-- Instructions to follow --
Nothing outside the range is wanted. Repeat exactly the lines below from the one with "Dlouhá fronta lidí" through the one with "Holly | Casual".

-- Dataset records --
++++++++++

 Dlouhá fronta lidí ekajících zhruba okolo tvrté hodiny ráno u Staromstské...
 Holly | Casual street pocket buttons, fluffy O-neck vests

++++++++++

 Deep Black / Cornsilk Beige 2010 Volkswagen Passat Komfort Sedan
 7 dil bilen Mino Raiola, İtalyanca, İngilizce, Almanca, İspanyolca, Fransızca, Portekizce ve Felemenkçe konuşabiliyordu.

++++++++++

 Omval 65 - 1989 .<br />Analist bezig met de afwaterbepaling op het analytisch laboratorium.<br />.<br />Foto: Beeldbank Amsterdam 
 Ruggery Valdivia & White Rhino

++++++++++

-- Output for this task --
 Dlouhá fronta lidí ekajících zhruba okolo tvrté hodiny ráno u Staromstské...
 Holly | Casual street pocket buttons, fluffy O-neck vests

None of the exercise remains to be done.